Carry On, Nevada

Nevada is betting on the future

And that bet is on: Batteries, Battery-Powered Vehicles, Unmanned Aerial Vehicles (UAVs), Driverless Vehicles, Data, Data Infrastructure, Education, Workforce Development, Clean Energy, and People Who Want To Build Companies Here

By writing this, I hope to give people confidence in the direction that the Nevadan government, education, and business is moving. I understand my friends and colleagues apprehension to “pick winners and losers” with economic incentive packages to large companies making investments in our area, but I share a different perspective

Our government is looking at the present situation in the totality of the circumstances. Technology is the future and Silicon Valley is expensive. By having an intimate knowledge of Northern Nevada, Governor Sandoval and local proven developers are extending that ability to ‘get sh*t done’ to outside projects

The first branch extended? To Elon Musk. In the venture capital and angel investment world, the primary factor focused on in whether or not a company gets funded are the people/the team. Teams who are motivated by passionate missions that supersede money ambition, such as, protecting the future of humanity and life itself, are also usually the ones who succeed. Our first team investment in this new phase of outreach and growth development? The high-value-output people of Tesla. As a represented constituent, I am really okay with this. It is an A+ move. We’re not only investing in proven winners, we’re contributing to a solution of a MASSIVE challenge for all living entities — See here for details

Instead of the legal taboo of brothels, divorces, and gaming, Nevada is leading the charge on legal freedoms for new industries like UAVs and driverless vehicles. We’re also supporting clean energy. We know that that the Internet of Things is going to increase data traffic on networks by an order of magnitude. Switch/SuperNAP is preparing for these increases in Nevada. The risk versus potential long term yield in partnering in with Switch in education, tax incentives, and jobs is a smart deal I’ll take. Tesla is not only leading the industry in the safest, cleanest, most technically advanced designed and manufactured vehicle in the world, they aren’t even competing in the vehicle industry.
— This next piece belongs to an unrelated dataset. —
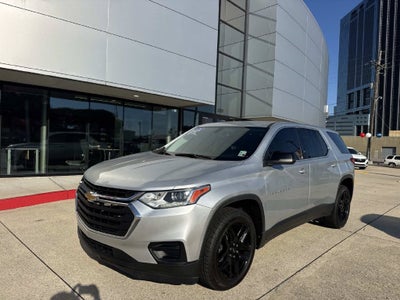 2021 Chevrolet Traverse LS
Tesla is now a battery company that sells the best cars on the planet. Patents? Oh here, you all can have them

I mean, after growing up racing combustion engine motorcycles with a dad who raced blown alcohol hydro flat bottom boats and NHRA funny cars, you’d think I’d scoff at electric propulsion. Well, I did. But then I drove the Tesla Model S. Serial No: 00000001 while working for Jason Calacanis. After that, Bye Felicia! Elon is just pulled a Steve Jobs iPhone move from 2007 with the Model S vehicle, in his spare time while spending +75% of it launching rockets into space. Nevada is special in its ability to construct multipart deals with partners like these

I read a lot about how this will burden our infrastructure disproportionately — i.e. Big businesses are getting tax breaks and we need those taxes to pay for schools. This is the heart of the problem, right here. We are still failing to ask — how much are these companies are going to pay with the tax incentives? Not how much will these companies will be saving

The issue involves the risk that companies coming to Nevada will burden the roads and schools more than they will add value to the community and ecosystem

I believe that they add more value

Lance Gilman has a model that works out at the Tahoe Reno Industrial Center. Nevada has space and we can move fast. We’re enticing specialized manufacturing to our back yard. We’re tying the incentives to revenue metrics and local hiring. This is a brilliant way to limit risk for the State. I want to create GDP for the State with a strong foundation industry leading companies

We must not forget that we, as a State, are making an investment to better our school system. We want students who attend our schools to create value for the world, emphasis in Nevada. Whether that means starting new companies, or getting great positions at established companies, our challenge would exist without the incentive packages and new companies moving into the region. However, these companies are here now and have been eager to donate and participate in curriculum redevelopment for practical relevant skills that drastically increases the rate of hiring. Successful private industry leaders with businesses at the pinnacle of state-of-the-art products are giving feedback to what works and is needed for the next generation workforce. Let the free market ring! 😉

My friends, we are pivoting away from a gaming-subsidized State budget. I love not having a state income tax too! We have to fund improvements and investments. How do you think deals got done for gaming licenses and casinos in this beautiful shining State of Nevada for the last 100 years? Or how real estate development deals were done? Tax incentives with education and hiring offsets sound much more transparent and measurable to me

Let’s be opportunistic and capture value as partners with these world-changing companies!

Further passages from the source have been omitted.